Stink bugs have been plaguing our area for a while now, and these Asian natives are not going anywhere anytime soon. So what else is there to do but embrace them?

That is exactly what Dr. Jeanne Sullivan, associate professor and chair of the biology department at West Virginia Wesleyan College, is doing. Sullivan and Dr. Tracy Leskey of the U.S. Department of Agriculture Appalachian Fruit Research laboratory have recently been awarded a State Horticultural Association of Pennsylvania grant for $7,000. This one-year grant is for Sullivan to study of the effects of sub-lethal exposure to insecticides on mobility, feeding, and reproduction in the brown marmorated stink bug, Halyomorpha halys.

The brown marmorated stink bug has caused severe economic damage in the Mid-Atlantic States recently, causing an increase in the use of insecticides in crops.
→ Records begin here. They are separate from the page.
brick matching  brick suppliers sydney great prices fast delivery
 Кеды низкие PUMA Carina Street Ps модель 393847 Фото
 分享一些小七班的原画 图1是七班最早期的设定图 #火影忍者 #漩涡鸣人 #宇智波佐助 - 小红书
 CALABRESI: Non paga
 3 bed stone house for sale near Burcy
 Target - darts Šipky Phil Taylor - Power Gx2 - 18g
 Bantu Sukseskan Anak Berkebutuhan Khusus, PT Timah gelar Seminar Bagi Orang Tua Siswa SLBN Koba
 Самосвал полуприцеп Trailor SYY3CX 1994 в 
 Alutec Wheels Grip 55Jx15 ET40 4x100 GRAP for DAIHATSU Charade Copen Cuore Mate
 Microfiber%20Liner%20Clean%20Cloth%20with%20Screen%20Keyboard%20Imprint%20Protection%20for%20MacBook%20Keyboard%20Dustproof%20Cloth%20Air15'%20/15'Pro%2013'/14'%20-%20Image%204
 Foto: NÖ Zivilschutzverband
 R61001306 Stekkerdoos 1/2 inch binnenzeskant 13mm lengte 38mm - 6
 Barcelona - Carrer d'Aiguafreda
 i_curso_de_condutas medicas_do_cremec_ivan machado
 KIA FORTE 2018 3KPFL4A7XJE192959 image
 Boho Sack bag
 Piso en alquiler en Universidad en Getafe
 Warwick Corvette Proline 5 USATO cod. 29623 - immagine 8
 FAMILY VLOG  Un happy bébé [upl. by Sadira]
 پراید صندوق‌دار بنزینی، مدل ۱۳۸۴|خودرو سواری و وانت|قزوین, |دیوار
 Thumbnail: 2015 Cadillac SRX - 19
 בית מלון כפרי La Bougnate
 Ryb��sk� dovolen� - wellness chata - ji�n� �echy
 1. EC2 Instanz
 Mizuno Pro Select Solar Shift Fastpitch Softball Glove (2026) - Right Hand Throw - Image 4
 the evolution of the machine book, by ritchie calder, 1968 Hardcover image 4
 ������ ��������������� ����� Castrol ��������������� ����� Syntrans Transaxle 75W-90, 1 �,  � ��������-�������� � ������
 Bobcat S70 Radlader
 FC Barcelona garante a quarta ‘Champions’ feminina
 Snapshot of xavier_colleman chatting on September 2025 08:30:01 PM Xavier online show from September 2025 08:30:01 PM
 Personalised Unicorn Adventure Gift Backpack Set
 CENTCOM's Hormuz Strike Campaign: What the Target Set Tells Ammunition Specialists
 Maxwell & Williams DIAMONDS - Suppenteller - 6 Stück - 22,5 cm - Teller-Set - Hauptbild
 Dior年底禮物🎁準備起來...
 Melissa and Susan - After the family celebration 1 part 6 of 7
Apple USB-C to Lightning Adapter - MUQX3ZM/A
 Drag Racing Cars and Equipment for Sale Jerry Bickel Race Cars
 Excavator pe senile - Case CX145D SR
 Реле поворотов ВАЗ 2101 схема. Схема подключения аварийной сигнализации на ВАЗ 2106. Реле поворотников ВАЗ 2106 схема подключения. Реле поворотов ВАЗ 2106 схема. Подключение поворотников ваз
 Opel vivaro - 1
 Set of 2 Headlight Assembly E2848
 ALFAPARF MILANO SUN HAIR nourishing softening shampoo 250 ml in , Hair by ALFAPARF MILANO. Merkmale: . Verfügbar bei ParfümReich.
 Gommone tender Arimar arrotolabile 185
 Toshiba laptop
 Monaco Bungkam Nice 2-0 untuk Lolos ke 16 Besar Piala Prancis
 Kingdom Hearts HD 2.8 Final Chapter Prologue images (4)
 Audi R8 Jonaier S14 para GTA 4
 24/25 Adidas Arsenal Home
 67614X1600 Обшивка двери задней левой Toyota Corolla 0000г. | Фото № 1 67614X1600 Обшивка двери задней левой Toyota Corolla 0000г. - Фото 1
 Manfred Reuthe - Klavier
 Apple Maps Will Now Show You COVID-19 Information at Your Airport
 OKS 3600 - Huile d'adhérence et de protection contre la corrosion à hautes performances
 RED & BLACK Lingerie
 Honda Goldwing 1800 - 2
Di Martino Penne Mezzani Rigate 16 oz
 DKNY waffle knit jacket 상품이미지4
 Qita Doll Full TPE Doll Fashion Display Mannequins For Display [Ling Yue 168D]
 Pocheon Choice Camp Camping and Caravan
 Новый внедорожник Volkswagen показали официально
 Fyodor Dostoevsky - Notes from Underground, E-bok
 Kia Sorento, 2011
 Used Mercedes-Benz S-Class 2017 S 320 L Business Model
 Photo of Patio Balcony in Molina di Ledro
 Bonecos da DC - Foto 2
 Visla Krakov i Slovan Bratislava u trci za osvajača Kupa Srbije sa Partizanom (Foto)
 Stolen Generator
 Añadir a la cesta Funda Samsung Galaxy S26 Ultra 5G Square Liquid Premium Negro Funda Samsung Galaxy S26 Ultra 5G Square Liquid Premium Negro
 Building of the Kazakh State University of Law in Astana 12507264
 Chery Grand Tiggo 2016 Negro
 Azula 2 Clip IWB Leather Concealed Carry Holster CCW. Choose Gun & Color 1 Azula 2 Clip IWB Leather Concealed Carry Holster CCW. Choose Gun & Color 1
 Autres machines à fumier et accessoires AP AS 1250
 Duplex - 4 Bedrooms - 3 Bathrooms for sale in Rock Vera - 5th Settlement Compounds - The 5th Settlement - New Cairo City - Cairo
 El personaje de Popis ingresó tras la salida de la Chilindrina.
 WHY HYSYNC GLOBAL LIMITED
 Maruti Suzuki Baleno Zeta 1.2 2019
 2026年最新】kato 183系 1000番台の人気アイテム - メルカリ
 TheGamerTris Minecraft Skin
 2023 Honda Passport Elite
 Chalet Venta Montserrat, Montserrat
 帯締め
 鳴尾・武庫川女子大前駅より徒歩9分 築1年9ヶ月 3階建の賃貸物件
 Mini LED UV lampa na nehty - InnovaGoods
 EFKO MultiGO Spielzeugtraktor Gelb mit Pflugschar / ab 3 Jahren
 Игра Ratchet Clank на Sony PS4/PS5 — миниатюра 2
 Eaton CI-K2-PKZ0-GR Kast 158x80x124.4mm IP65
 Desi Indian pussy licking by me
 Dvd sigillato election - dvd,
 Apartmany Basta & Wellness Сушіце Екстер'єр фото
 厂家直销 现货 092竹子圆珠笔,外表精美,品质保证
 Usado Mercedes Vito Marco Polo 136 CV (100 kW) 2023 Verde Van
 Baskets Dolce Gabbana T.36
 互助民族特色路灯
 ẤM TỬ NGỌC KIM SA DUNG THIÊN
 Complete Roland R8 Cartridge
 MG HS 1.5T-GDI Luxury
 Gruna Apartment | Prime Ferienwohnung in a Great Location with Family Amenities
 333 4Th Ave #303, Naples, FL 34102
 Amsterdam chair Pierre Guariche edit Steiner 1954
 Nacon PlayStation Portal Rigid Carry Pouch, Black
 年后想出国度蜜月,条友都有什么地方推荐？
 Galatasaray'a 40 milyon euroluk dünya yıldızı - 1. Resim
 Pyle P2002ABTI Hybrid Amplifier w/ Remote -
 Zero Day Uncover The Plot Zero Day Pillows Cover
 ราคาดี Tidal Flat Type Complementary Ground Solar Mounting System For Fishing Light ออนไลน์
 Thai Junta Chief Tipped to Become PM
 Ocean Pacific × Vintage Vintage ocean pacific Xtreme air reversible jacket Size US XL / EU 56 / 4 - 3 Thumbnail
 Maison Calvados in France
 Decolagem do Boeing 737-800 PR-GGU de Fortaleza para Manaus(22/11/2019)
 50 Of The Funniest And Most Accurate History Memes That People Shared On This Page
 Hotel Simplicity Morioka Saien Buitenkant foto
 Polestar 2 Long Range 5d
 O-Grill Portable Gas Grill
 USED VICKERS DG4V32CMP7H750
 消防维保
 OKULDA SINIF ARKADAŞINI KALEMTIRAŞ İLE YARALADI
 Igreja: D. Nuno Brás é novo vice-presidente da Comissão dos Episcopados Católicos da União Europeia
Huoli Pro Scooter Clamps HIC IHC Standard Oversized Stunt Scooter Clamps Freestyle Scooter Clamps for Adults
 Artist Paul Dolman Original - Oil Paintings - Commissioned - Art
This is a highly mobile bug that moves between crops and wild hosts, and the increase in insecticide use has both economic and environmental costs.

“Coping with stink bugs is economically important to growers in Pennsylvania, West Virginia and surrounding states,” Sullivan said. “Stink bugs feed on tree and other fruit, damaging the fruit and making it unsellable as fresh fruit. And stink bugs also feed on many other crops, including sweet corn, soybeans, and home-garden favorites such as tomatoes.”

Sullivan began her stink bug research when she partnered with Leskey at the USDA Appalachian Fruit Research Lab in Kearneysville between May and December of last year, where she worked on a preliminary study of the sub-lethal effects in the pesticide bifenthrin. Her current grant will allow her to study the effects of four insecticides and the effects of sub-lethal doses on the stink bugs’ locomotion, feeding, and reproductive behavior.

“Right now, there are no good tools besides insecticides to protect crops from stink bugs,” Sullivan said. “The only viable option for non-organic growers is to spray insecticides. This research could potentially show whether insecticides that do not kill the bugs, incapacitate them in ways that protect crops. This way, growers may be able to use less insecticide and still protect crops from stink bug damage.”